Vous allez donc avoir de magnifiques fêtes à Vienne ; je me flatte que les décorations du théâtre seront ornées de drapeaux pris sur les ennemis ; vous aurez beau avoir une belle musique italienne, elle ne vaudra jamais les cors enroués d'une vingtaine de postillons crottés arrivant aux portes du palais sur des chevaux boiteux ; et je ne serais pas fâché que le nouveau marié 1 eût vu partir ces postillons .
Vous êtes bien heureuse, madame, de voir quelquefois le géomètre si admirable en fait de triangles 2 ; c'est lui qui est véritablement philosophe, et philosophe aimable ; ceux qui font de méchantes actions, et qui disent de grosses injures, ne sont ni géomètres ni philosophes .

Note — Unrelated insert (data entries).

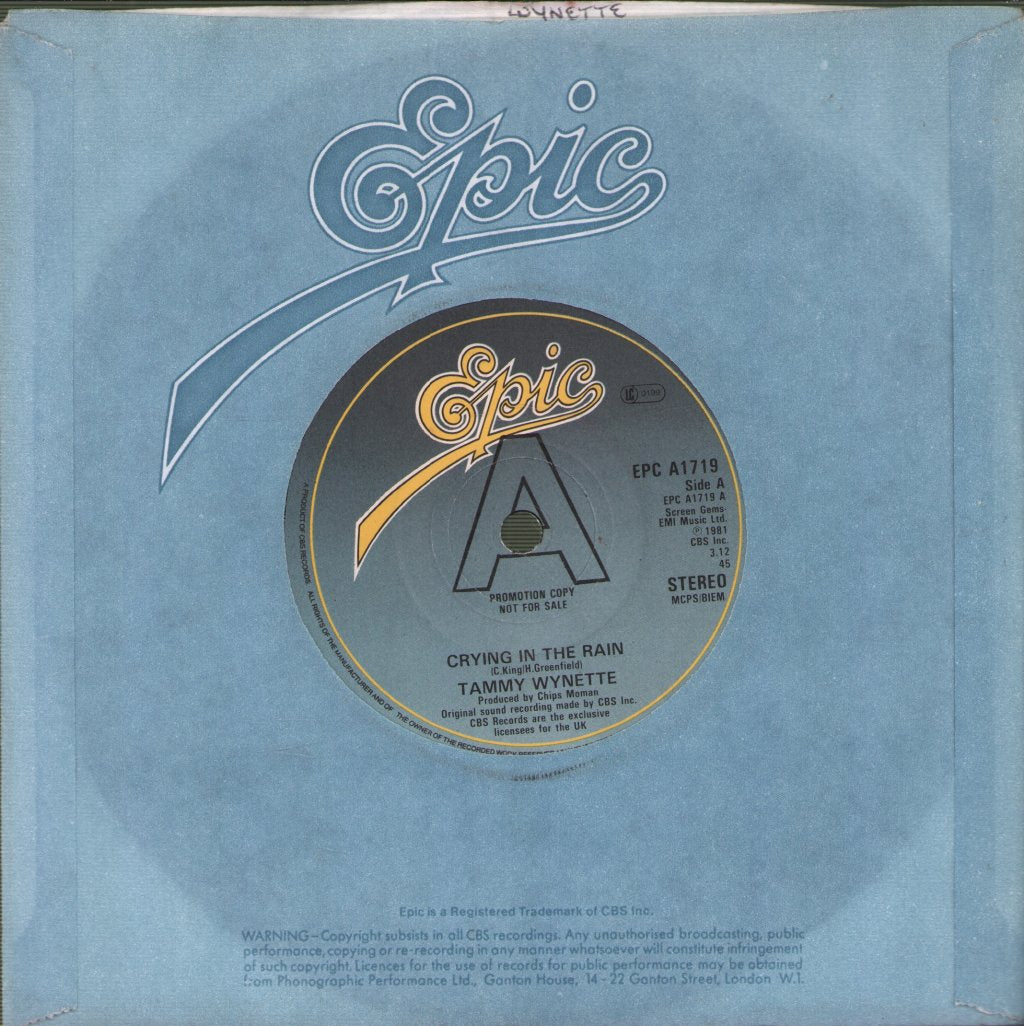 Tammy Wynette - Crying In The Rain - 7 Inch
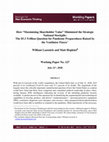 Research paper thumbnail of How “Maximizing Shareholder Value” Minimized the Strategic National Stockpile: The $5.3 Trillion Question for Pandemic Preparedness Raised by the Ventilator Fiasco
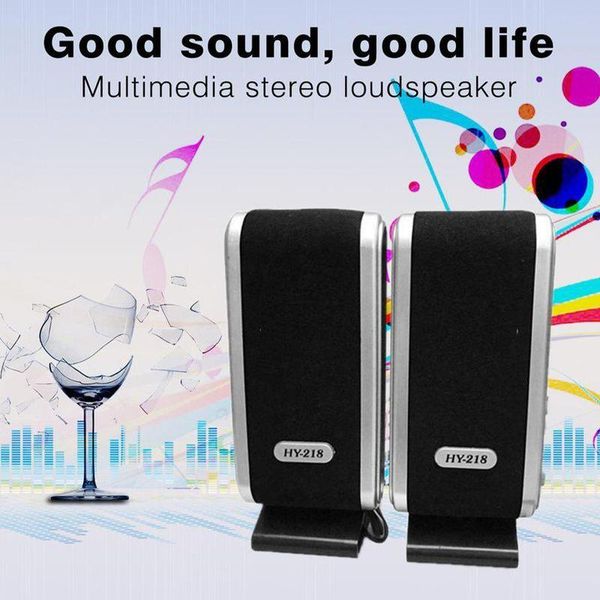 

for pc lapcomputer 6w usb2.0 wired usb power speakers stereo 3.5mm audio jack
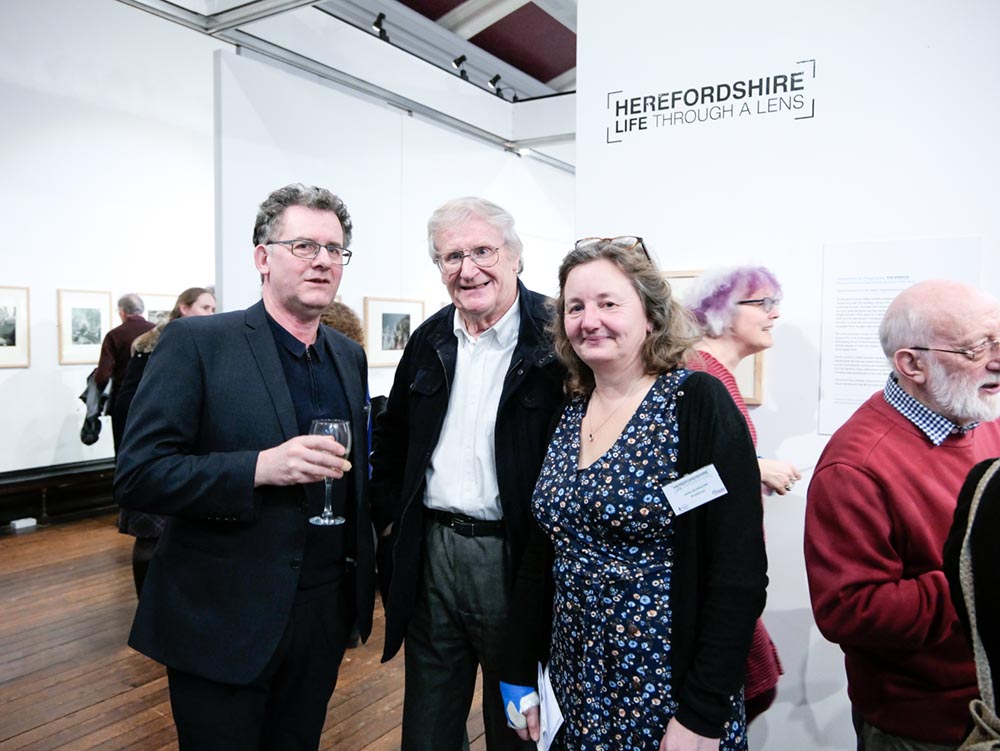 Rick and Julia Goldsmith at the opening of The PHOTOS exhibition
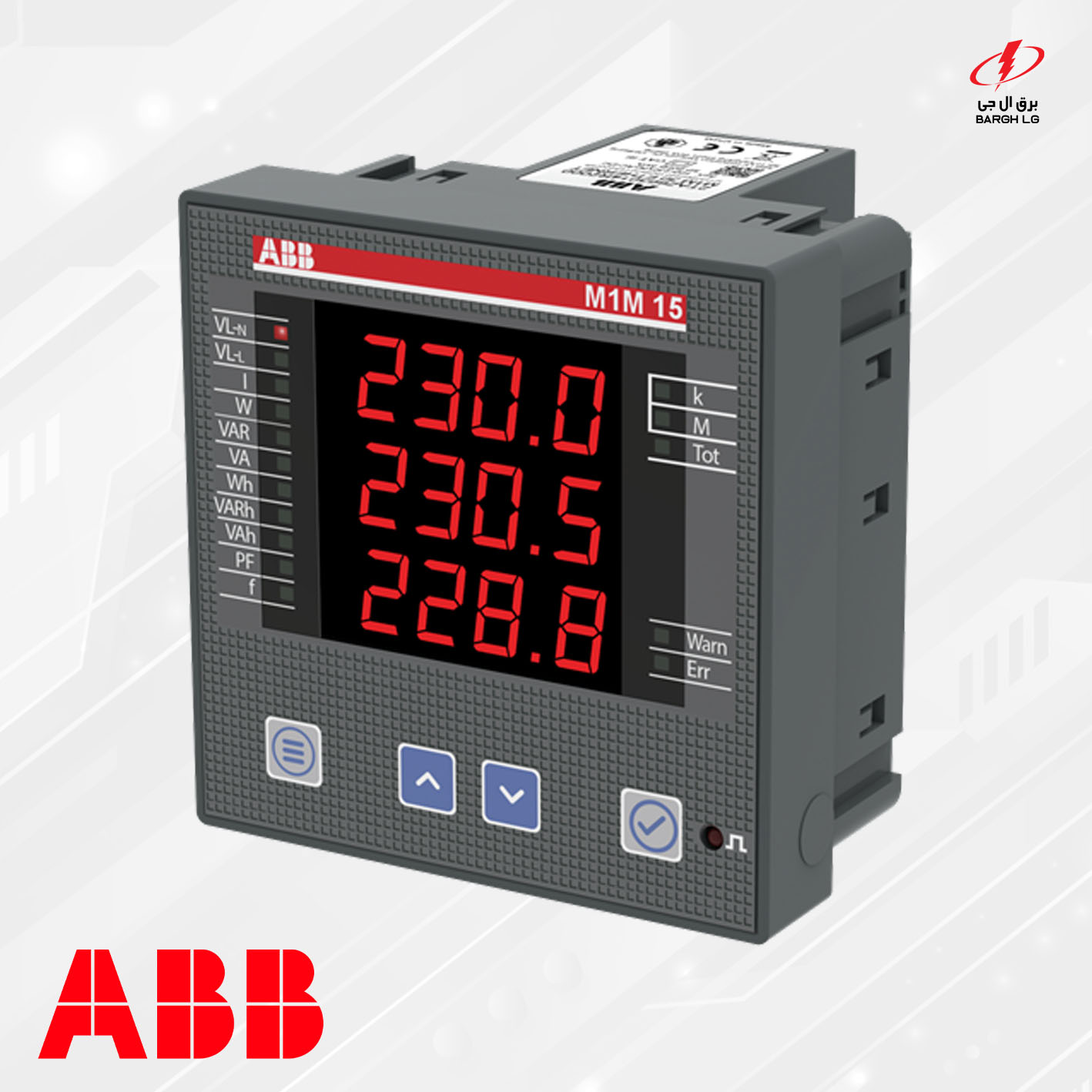 مولتی متر تابلویی ABB M1M 15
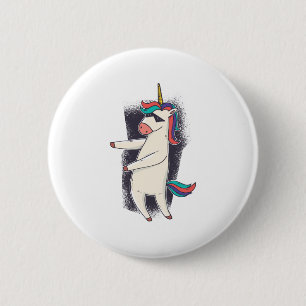 Unicorn Floss Dance 6 Cm Round Badge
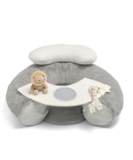 Mamas & Papas Welcome to The World Sit & Play Baby Floor Seat, Grey (from 6month Until Sitting unaided)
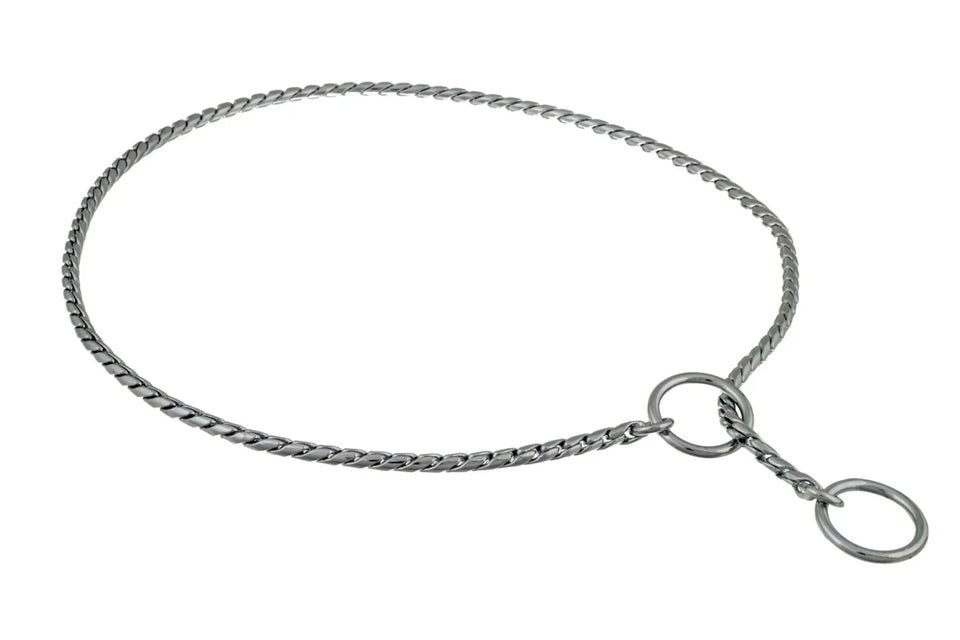 Slip Snake Show Chain Dog Collar (18 in x 3.8 mm) - Pets Perfect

Je voudrais, madame, que vous eussiez gagné ce que M. de La Trimouille a perdu 3; cela vous aiderait à solliciter votre procès . Savez-vous bien, madame, qu'il ne tiendrait qu'à moi d'avoir un procès à Vienne ? J'ai recouvré tous les papiers qui servent à prouver le vol qu'on nous fit à Francfort, quand cette pauvre Mme Denis , avec un passeport du roi de France, fut trainée dans les boues par le nommé Shmitt, marchand de Francfort, condamné comme faux monnayeur par une commission impériale, et conseiller du roi de Prusse ? Mais ce n'est pas aux vieillards infirmes à se souvenir des monstres et des voleurs, l'amitié dont vous m'honorez fait tout oublier . Vous savez qu'on a créé l'homme avec deux besaces 4, il faut mettre les plaisirs dans la besace de devant, et les chagrins dans celle de derrière .
J'ai Dieu merci, achevé mes petits châteaux ; j'en jouis paisiblement, et je ne regrette rien au monde que d'être éloigné de vous ; ne m'oubliez pas , madame, auprès de M. l'ambassadeur de France, et de Mme l'ambassadrice ; vous voyez que vous êtes ma protectrice en tous pays , excepté en Prusse, où les dames sont si fières qu'elle ne protègent personne .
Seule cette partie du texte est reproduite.